God of War : Chain of Olympus  - Ready at Dawn/Sony  - PSP  - Análise por evilgambit

God of War, uma das franquias mais importantes dos consoles da Sony finalmente ganhou uma versão para o PSP, o pequeno notável da Sony. E embora muitos achassem que o aparelhinho fosse ganhar um mero "port" dos dois games já existentes para o Playstation 2, temos um game quase que completamente novo e que clareia alguns fatos sobre o passado de Kratos.

Sim, God of War: Chain of Olympus é um capitulo inédito da série, mas ele não dá seqüência aos eventos de God of War 2 e sim antecede em alguns anos o primeiro game da série. E mostra que já naquela época Kratos estava cansado de servir aos deuses do Olimpo. Para quem não conhece a trama da série resume bem dizer que Kratos é um general espartano que no momento da morte certa nas mãos do inimigo doa sua vontade à Ares, o Deus da Guerra. Desde então ele se torna um agente da destruição sob o comando de Ares. Até que outros deuses do Olimpo intercedam, ajudando ou atrapalhando o "fantasma de Esparta".

Em Chain of Olympus, Kratos começa defendendo os fiéis crentes de Zeus da invasão persa iminente. Esse principio serve apenas para situar o jogador com relação a jogabilidade, que mudou muito pouco com relação aos do Playstation 2. O botão quadrado é o ataque normal, triângulo é o ataque forte, com o xis temos o pulo e com o bola agarramos e dilaceramos inimigos. O analógico do portátil serve para movimentar o bravo espartano, os botões L e R tem funções especiais determinadas para ativar seqüências de golpes mais poderosas ou liberar poderes especiais ganhos no decorrer do game. Para quem já jogou os outros da série só ficou a dúvida:

Como o PSP não tem um segundo analógico, como ficou o sistema de esquiva, tão necessário em God of War? O esquema agora é pressionar L e R e usar o analógico para determinar onde Kratos deve "deslizar". A principio soa esquisito mas fica bastante razoável depois de dez minutos de jogo. O pessoal da Ready at Dawn conseguiu adaptar bem a jogabilidade precisa no portátil, um ponto fundamental que poderia por tudo a perder, felizmente isso não aconteceu.

Graficamente temos um dos games mais bonitos do PSP, em escala ele ganha fácil de God of War 1 e perde um pouco em texturas e quantidade de polígonos em alguns cenários se comparado ao 2. Porém isso não tinha os méritos do game, a ambientação é extremamente competente seja no design ou nos aspectos técnicos, esse jogo é um belo exemplo para afirmar que o PSP já pode ser considerado um Playstation 2 de bolso.

A trilha sonora mantém o nível da série com composições inspiradas (algumas eu diria facilmente que estão entre as melhores da série) e  dublagem é igualmente  excelente, mantendo os mesmos atores e adicionando novas performances com bem vindos novos personagens, todos pescados da pomposa mitologia grega.

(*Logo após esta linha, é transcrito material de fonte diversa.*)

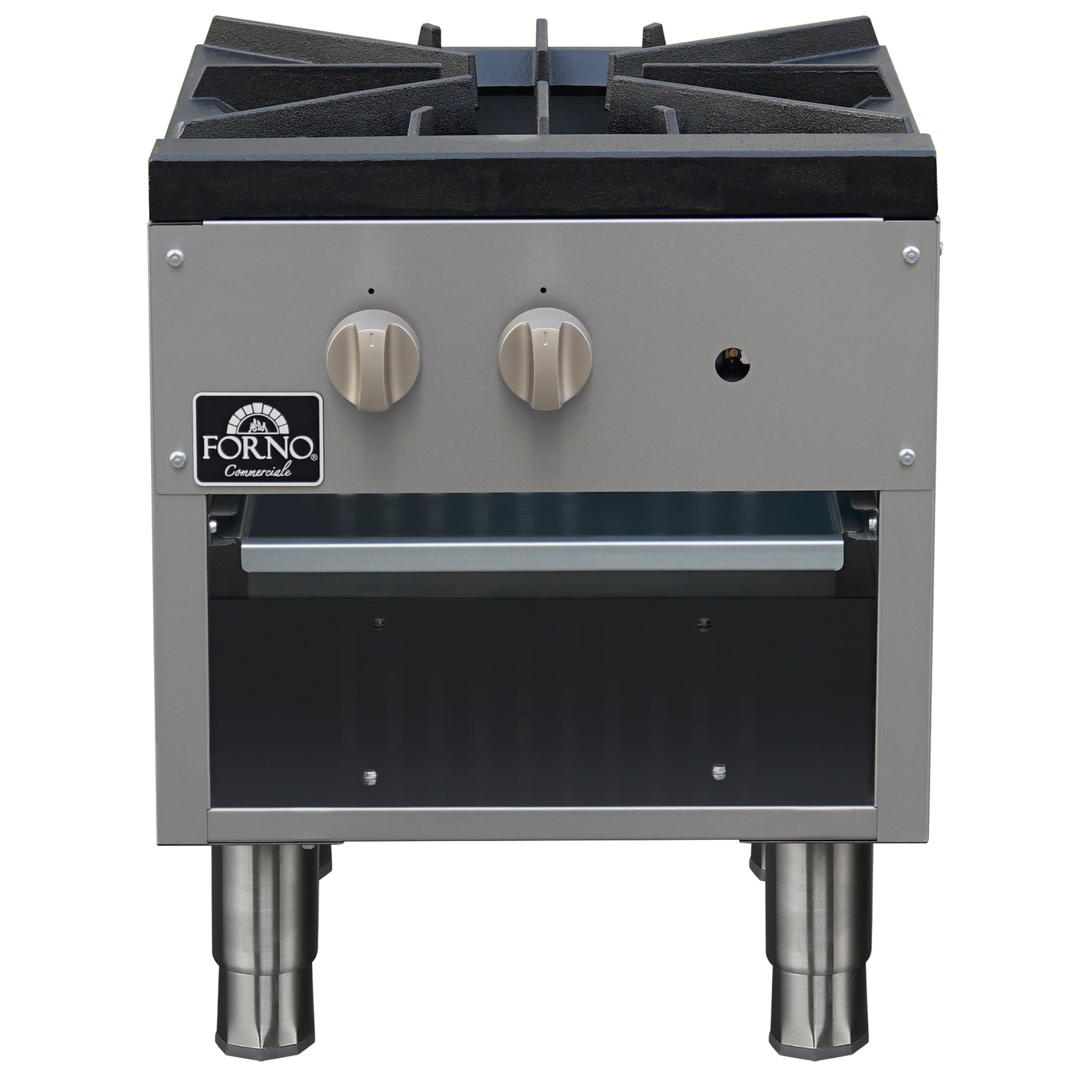 Forno Commerciale gas stock pot range, 1 powerful 3-ring burner, 80,000 BTU, durable stainless steel, heavy-duty cast iron grate - BonPrix Électroménagers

God of War: Chain of Olympus é um atestado de competência da Ready at Dawn, ela conseguiu transpor praticamente sem perdas todos os elementos que fazem God of War um game a ser jogado e louvado: a jogabilidade fácil e viciante, com todos os momentos de violência e sadismo glorioso que Kratos transborda, gráficos com excelente design e que puxam ao limite o hardware do portátil, uma trilha sonora memorável e um enredo delicioso que responde algumas questões levantadas nos dois primeiros games e que não soa forçado, coisa comum em "pré-quels". Talvez o único defeito de Chain of Olympus resida no fato dele ser fiel demais aos jogos originais, não existem coisas novas a serem exploradas pelo jogador. Quem adora a série e não tem um PSP tem um grande motivo para colocar a mão no bolso, que gostou do primeiro e achou que a seqüência não trouxe novidades significativas na jogabilidade, não é neste que você irá encontrar.